If you’re a parent of young kids, do your children have one designated play area where all their toys are stored, or do you have toys in several different places in the house?
I’m guessing it is the latter.
We have 3 kids ranging in age from 8 to 2, and they have toys all over the house. They have a full play area, the excess toys are stored down stairs (or the entire play area would be chaos), and they have some toys in their rooms. The funny thing is that we didn’t buy the vast majority of these toys; instead, they came from well meaning friends and relatives.
If you’re considering buying another toy or a cute outfit for a child in your life, why not consider a different present instead. After all, kids grow tired of toys quickly, and they can be bought by parents for only a few bucks at garage sales or consignment stores. Children grow so quickly, they sometimes are only able to wear an outfit that may have cost you $25 to $40 for only one season.
Instead, consider a trend that is taking the internet by storm–buying investments for children.
My Journey to Millions recently bought his niece investments for her birthday. Of course, if the child is small, you may want to also get her a book or something fun, but investments are a gift that keeps on giving. A child is the perfect recipient because she has so much time to let the investment grow.

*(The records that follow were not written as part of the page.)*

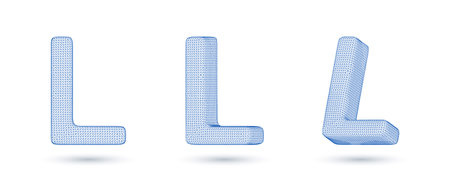 Letter l wireframe high polygonal outline low poly style vector illustrationのイラスト素材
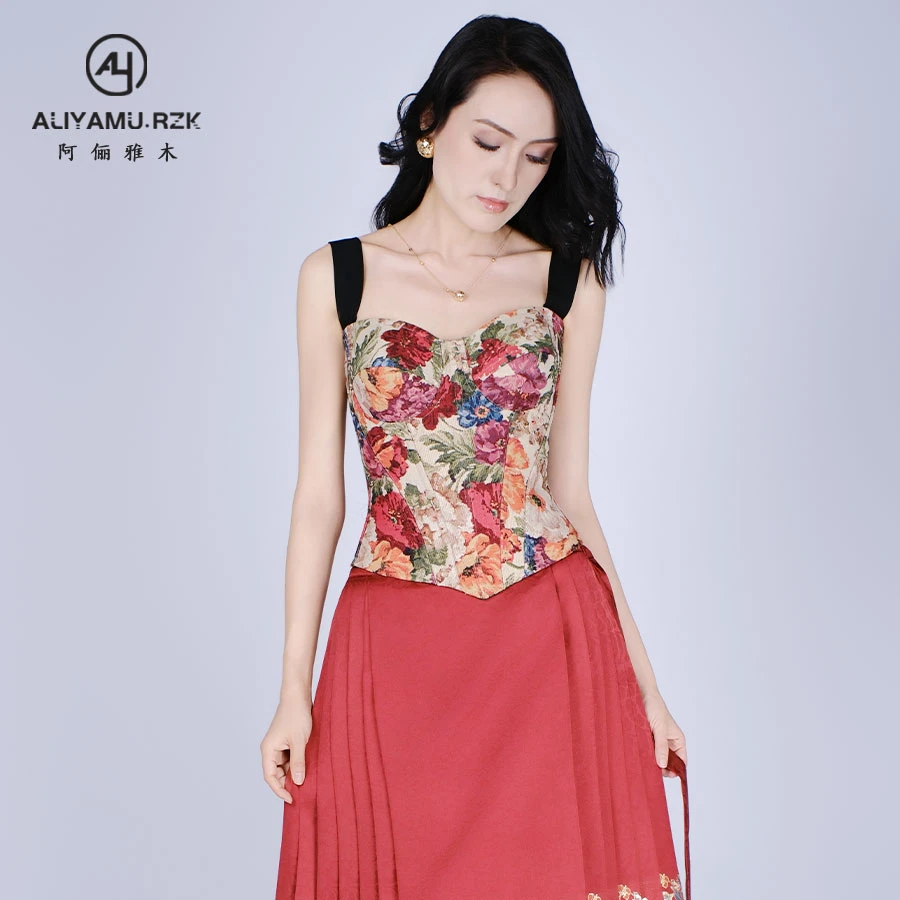 阿俪雅木ALY法式提花塑形显瘦礼服上衣鱼骨胸衣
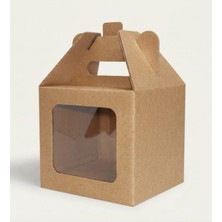 Aspak Kağıtçılık Ambalaj 13X13X12 cm Kraft Asetat Pencereli Karton Kutu– Hediye, Kupa, Mum, Kurabiye ve Çikolata Kutusu-10 Adet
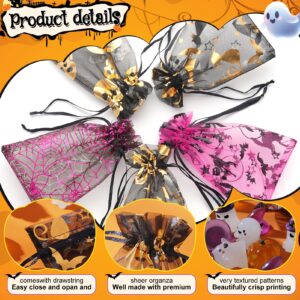 QPRETTY DU 100PCS Halloween Organza Gif Bags Set, 25PCS Glow in The Dark Resin Figures,25PCS Tattoo Sticker,Black Drawstring Gift Bags,4×6 Mesh Candy Gift Bags for Halloween Party Favors Set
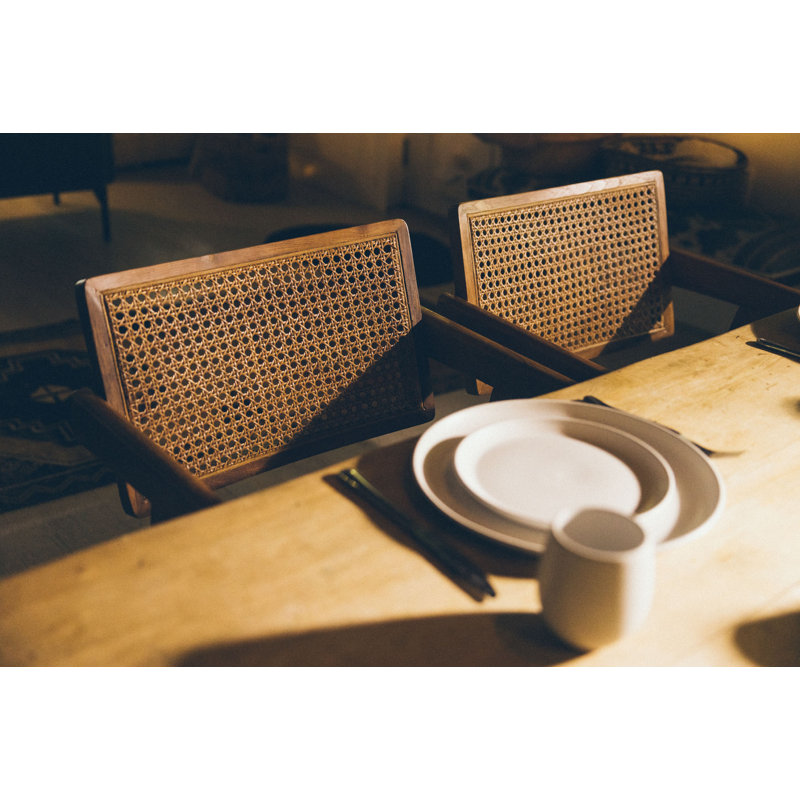 Chaise avec accoudoirs en bois massif Annamaria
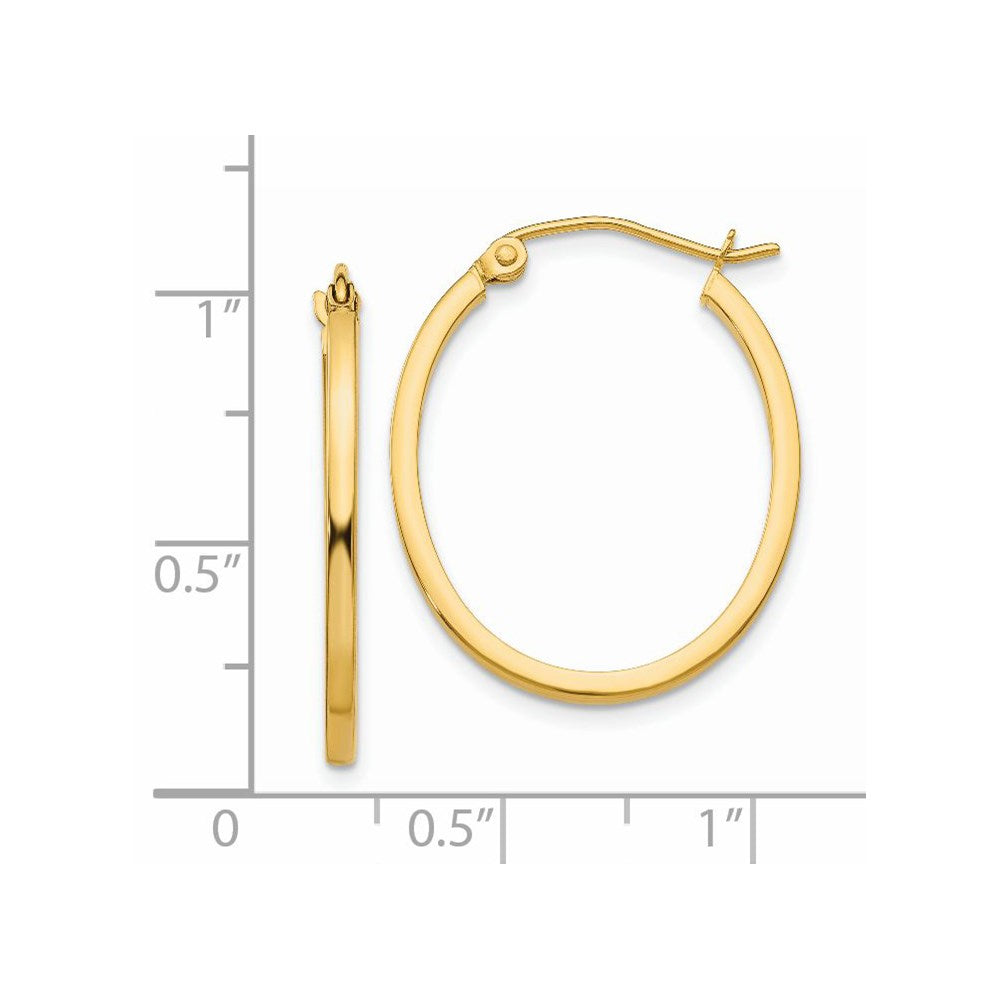 14k 1.5x25mm Lightweight Fancy Oval Tube Hoop Earrings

Here are some places you might want to invest for the child:
1. Their college fund. Ask the parents if they already have a college fund set up. If they do, offer to make a donation to the college fund for the child’s present. You can also see if they are members of any other programs that help parents save for college such as Upromise. You can link up your store loyalty cards to the account so a portion of any purchase you make goes in their college fund.
2. Their Roth IRA. Any teen who earns an income can open a Roth IRA. Chances are, most teens don’t have one, but if you’re a parent of a teen, why not open one? For Christmas or their birthdays, one of your gifts can be a contribution to their Roth IRA. The savings potential is so impressive thanks to compound interest. According to NBC News, if a child contributes $2,000 a year each year in a Roth IRA for the four years she is in high school, and then doesn’t add any more, she’ll end up with $456,000 in 50 years, assuming an 8% rate of return. For a $8,000 investment, she gets $456,000!
3. Stocks or bonds. Children can hold them and cash them out to help pay for their college tuition or their first car or their wedding when they are older. If you would prefer more control, you can put the investment in your own name and give the child the gift at the appropriate time, after it has grown considerably.
Giving a gift of an investment may initially underwhelm the recipient, but it is the gift that keeps giving. Chances are, as the child grows older, she will be very glad you gave the gift that you did.